## Task directions
Exactly as written, retype the lines that run from the line holding "Young man wearing" through the end of the records below. Do not include pictures.

(Material for the task)

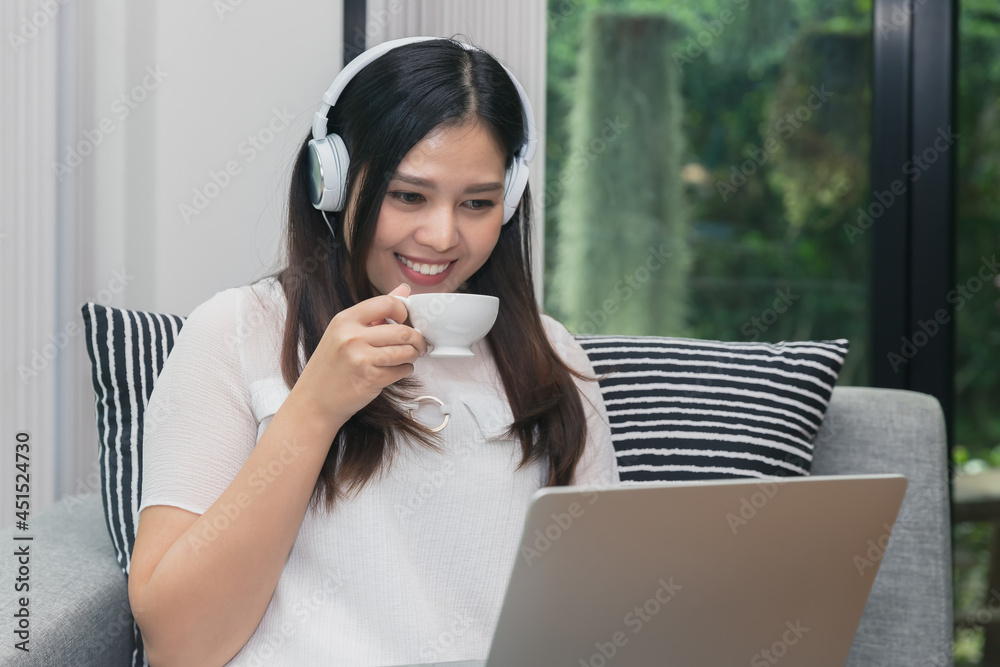 Pretty smiling young woman wear headphones sitting on sofa holding a cup of coffee and usinging laptop. Pretty smiling young woman wear headphones sitting on sofa holding a cup of coffee and usinging laptop.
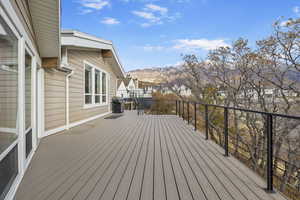 Wooden terrace featuring a mountain view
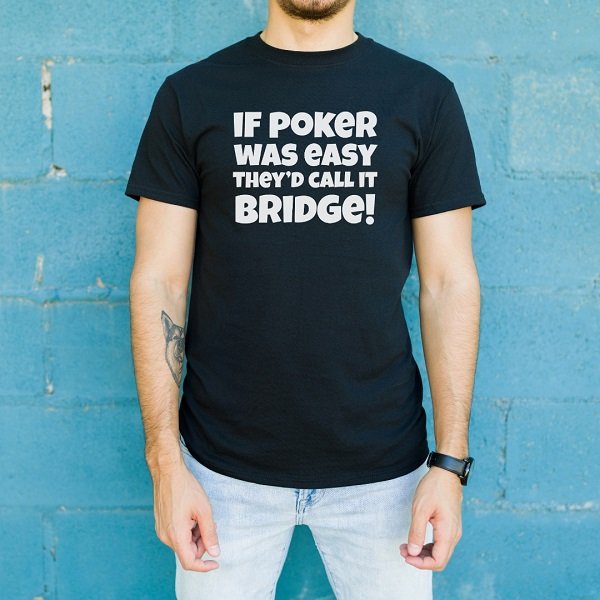 Young man wearing a black t-shirt with the text 'If poker was easy they'd call it bridge!'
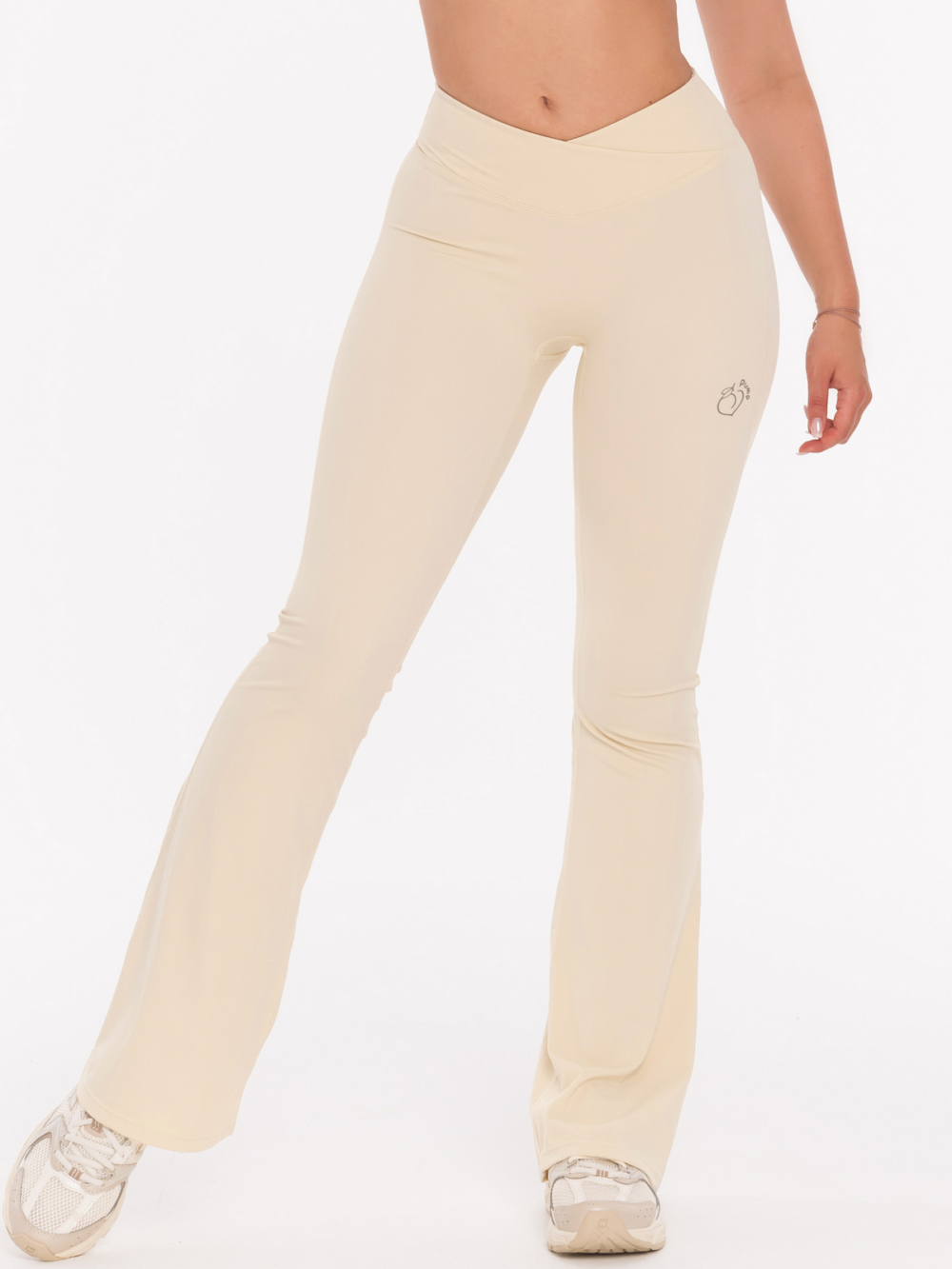 Beżowe legginsy sportowe typu dzwony z talią V, która modeluje sylwetkę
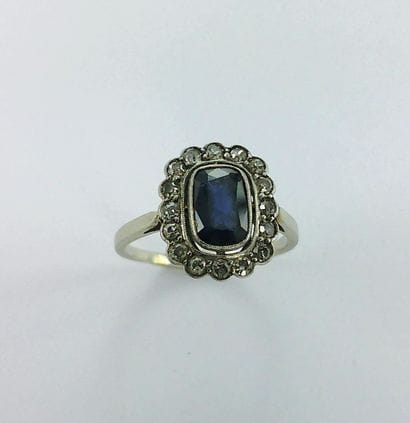 750-thousandths white gold ring set with...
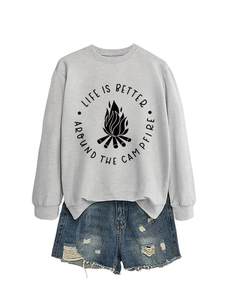 Flat lay of a grey campfire sweatshirt paired with distressed denim shorts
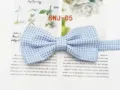 Detail view of a stylish blue polka dot men's bow tie, perfect for formal suits and grooms. - SNJ-05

(End Material for the task)

## Written answer
 Young man wearing a black t-shirt with the text 'If poker was easy they'd call it bridge!'
 Beżowe legginsy sportowe typu dzwony z talią V, która modeluje sylwetkę
 750-thousandths white gold ring set with...
 Flat lay of a grey campfire sweatshirt paired with distressed denim shorts
 Detail view of a stylish blue polka dot men's bow tie, perfect for formal suits and grooms. - SNJ-05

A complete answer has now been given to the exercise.